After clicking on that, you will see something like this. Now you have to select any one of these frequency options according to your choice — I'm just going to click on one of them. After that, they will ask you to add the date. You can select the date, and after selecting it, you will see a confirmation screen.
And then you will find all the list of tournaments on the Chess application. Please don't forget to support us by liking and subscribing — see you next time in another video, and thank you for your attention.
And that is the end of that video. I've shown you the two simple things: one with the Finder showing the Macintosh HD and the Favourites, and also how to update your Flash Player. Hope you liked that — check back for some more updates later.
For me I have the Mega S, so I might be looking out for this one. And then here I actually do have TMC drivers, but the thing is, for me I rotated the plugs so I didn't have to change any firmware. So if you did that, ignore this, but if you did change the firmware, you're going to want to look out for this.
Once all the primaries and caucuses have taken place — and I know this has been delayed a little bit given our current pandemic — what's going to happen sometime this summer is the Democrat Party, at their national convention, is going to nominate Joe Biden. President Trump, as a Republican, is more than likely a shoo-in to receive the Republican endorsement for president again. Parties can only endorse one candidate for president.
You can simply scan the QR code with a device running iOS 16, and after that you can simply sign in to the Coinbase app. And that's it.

▬▬▬

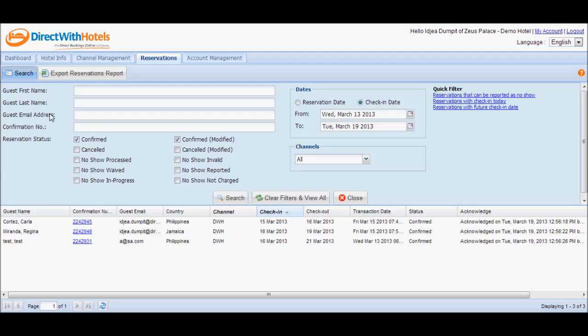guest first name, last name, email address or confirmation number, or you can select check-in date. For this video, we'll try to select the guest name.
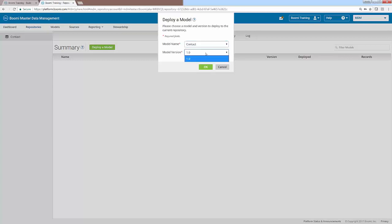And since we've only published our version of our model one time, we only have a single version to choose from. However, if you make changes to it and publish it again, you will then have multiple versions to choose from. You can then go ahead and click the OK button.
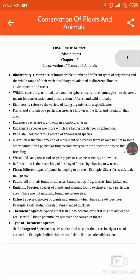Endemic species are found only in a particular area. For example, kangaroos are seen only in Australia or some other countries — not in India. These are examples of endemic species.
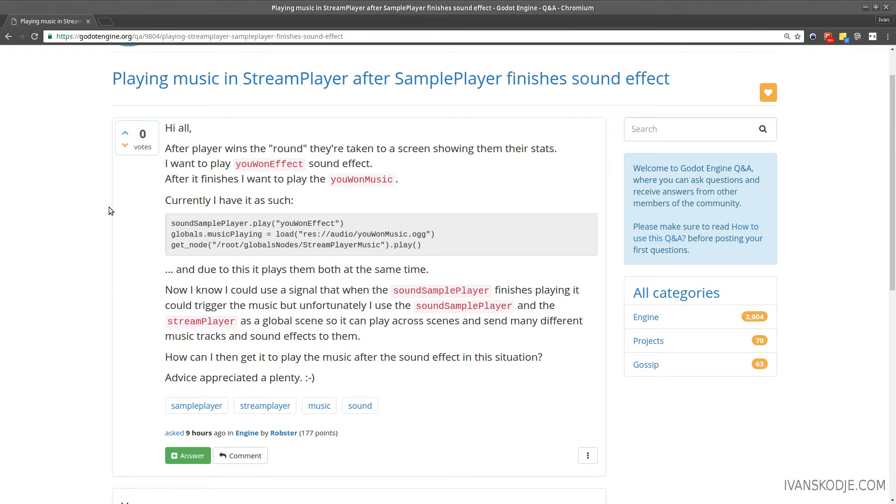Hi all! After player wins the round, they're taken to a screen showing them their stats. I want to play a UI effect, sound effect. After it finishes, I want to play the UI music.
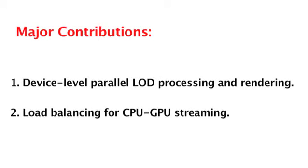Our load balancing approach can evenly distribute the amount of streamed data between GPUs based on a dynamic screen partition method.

▬▬▬

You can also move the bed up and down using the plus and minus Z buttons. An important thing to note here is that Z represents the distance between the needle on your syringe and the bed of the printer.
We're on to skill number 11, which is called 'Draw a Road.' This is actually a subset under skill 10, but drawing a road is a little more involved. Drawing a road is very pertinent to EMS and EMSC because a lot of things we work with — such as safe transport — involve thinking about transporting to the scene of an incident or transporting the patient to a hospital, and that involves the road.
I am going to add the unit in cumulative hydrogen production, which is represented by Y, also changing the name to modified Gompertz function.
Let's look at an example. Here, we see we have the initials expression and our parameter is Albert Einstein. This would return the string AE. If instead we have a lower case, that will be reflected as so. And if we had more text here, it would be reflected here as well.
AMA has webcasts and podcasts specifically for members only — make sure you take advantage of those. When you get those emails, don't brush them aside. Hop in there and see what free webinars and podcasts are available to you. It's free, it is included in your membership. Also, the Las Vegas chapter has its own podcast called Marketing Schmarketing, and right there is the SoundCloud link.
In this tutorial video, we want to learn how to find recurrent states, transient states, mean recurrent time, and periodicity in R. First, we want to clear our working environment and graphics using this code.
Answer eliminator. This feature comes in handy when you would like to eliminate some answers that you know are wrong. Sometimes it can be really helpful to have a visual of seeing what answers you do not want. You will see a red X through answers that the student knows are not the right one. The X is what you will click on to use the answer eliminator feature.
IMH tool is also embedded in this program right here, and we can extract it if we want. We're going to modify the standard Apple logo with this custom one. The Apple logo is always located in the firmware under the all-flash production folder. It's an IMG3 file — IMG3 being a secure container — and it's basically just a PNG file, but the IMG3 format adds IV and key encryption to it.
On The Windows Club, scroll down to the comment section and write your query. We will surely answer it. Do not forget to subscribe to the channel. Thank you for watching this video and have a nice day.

▬▬▬

-- Prompt --
Look above for the line with "And since we've" and the line with "Our load balancing", then restate exactly those two lines and all lines between them, with no pictures.

-- Written response --
And since we've only published our version of our model one time, we only have a single version to choose from. However, if you make changes to it and publish it again, you will then have multiple versions to choose from. You can then go ahead and click the OK button.
Endemic species are found only in a particular area. For example, kangaroos are seen only in Australia or some other countries — not in India. These are examples of endemic species.
Hi all! After player wins the round, they're taken to a screen showing them their stats. I want to play a UI effect, sound effect. After it finishes, I want to play the UI music.
Our load balancing approach can evenly distribute the amount of streamed data between GPUs based on a dynamic screen partition method.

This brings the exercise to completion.